In the book, My Deliverance from Evil, which she wrote under the pseudonym of Intisar Umm Mansur, the 23-year-old mother of two describes her three-year-long radicalization process, which brought her to the brink of leaving for Syria and ended with a sudden wake-up call after the November attacks in Paris. Growing up in an open-minded Moroccan family in Antwerp, her parents never forced her to wear a headdress — but she did anyway, to show her support for the Palestinian cause. It was Belgium’s headscarf ban which started her radicalization process. “It felt like my identity had been taken away from me,” she told Belgian newspaper Het Nieuwsblad. “I don’t understand that people see the headscarf as a form of oppression. That ban caused more harm than good. Without it, I would have finished school and gotten a diploma. I wouldn’t have kept myself away from the world, and maybe I wouldn’t have been radicalized.”

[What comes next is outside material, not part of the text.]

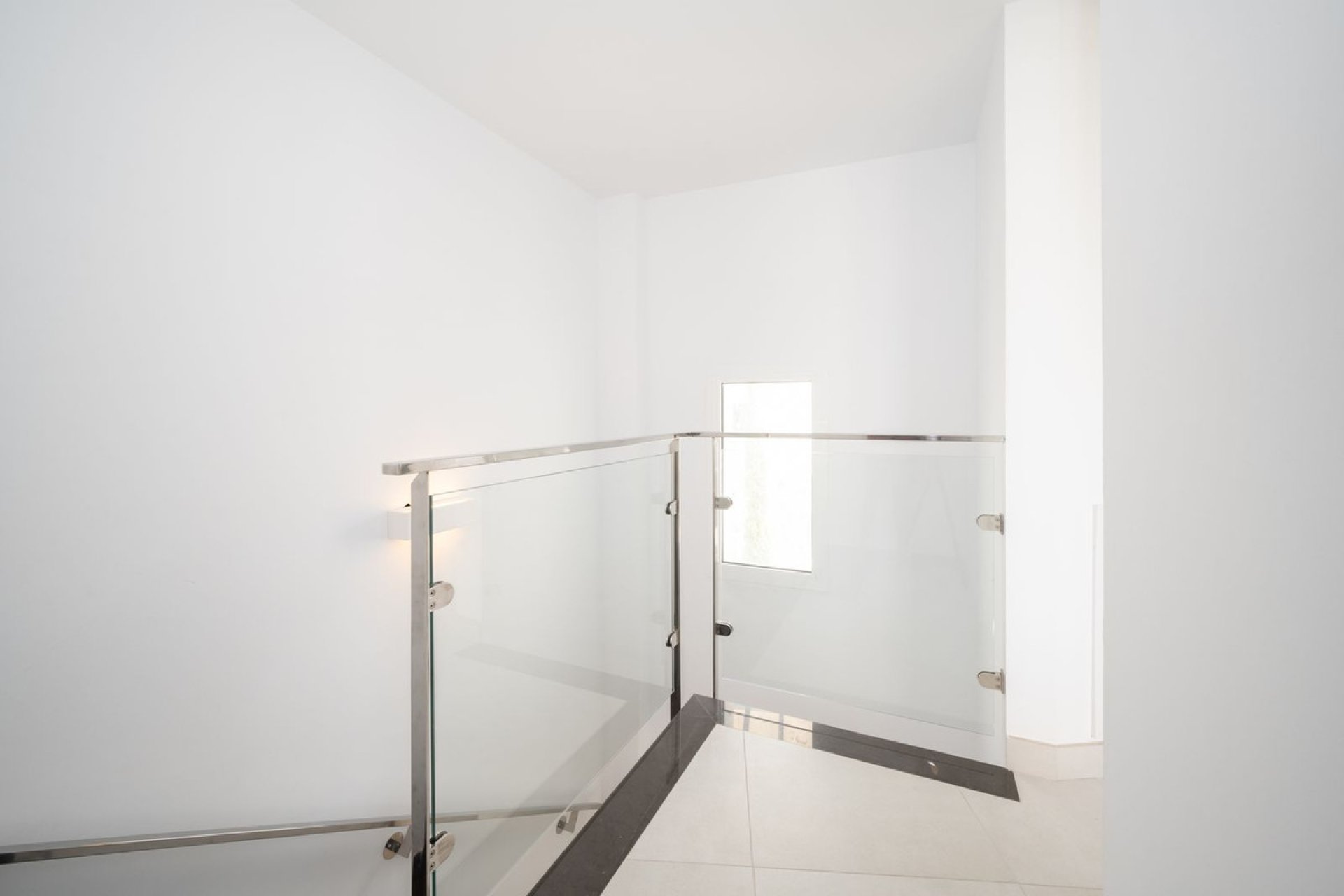 Resale - Apartment - Penthouse - Marbella - Altos de los Monteros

Through a friend at school, she became a member of Sharia4Belgium, an extremist organization infamous for recruiting young Belgian Muslims to fight in Syria (in 2015, a Belgian judge designated it as a terrorist organization and sentenced its leader, Fouad Belkacem, to 12 years in prison). “Sharia4Belgium is not the only reason so many people have left for Syria, but they definitely made it easier,” Umm Mansur told the newspaper. During this time, she had a photo of Osama Bin Laden by her bedside, and would watch hours of ISIS YouTube clips with friends. In 2012, while on vacation with her husband in Turkey (who did not share her beliefs) she decided she was ready to flee for Syria and started making arrangements through WhatsApp. Her husband discovered the messages and cut the trip short.

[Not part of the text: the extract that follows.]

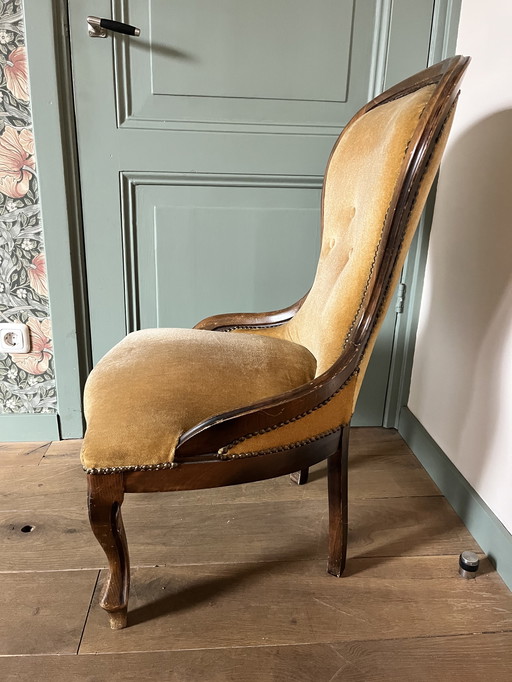 Fauteuil vintage avec revêtement en velours – structure classique en bois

It wasn’t until the Paris attacks, however, that she fully saw the error of her ways. “I was shocked. I saw ISIS as an organization that wanted to free the Syrian people. But killing innocent people, that couldn’t be the real Islam. Something was wrong with them — and with me — if I would condone those actions.” About 1 in 4 people leaving Belgium to join the jihad in Syria are women, so Umm Mansur says she wrote the book (along with radicalization-expert Montasser AlDe’emeh) in the hopes of warning other women about the evils lurking inside the group. Among her Facebook friends, she still sees hundreds of young women expressing support for the terror group. “Everything ISIS does, they approve of. This mostly happens in their heads. Only a few have the intention to leave,” she told Het Nieuwsblad. “I want to take some distance now. There’s only three really close friends that are in Syria right now, whom I am still in touch with. It’s really hard for me to talk to them, and it’s definitely too late to bring them back around. They’ve completely adapted to their ideology. Return is now impossible.”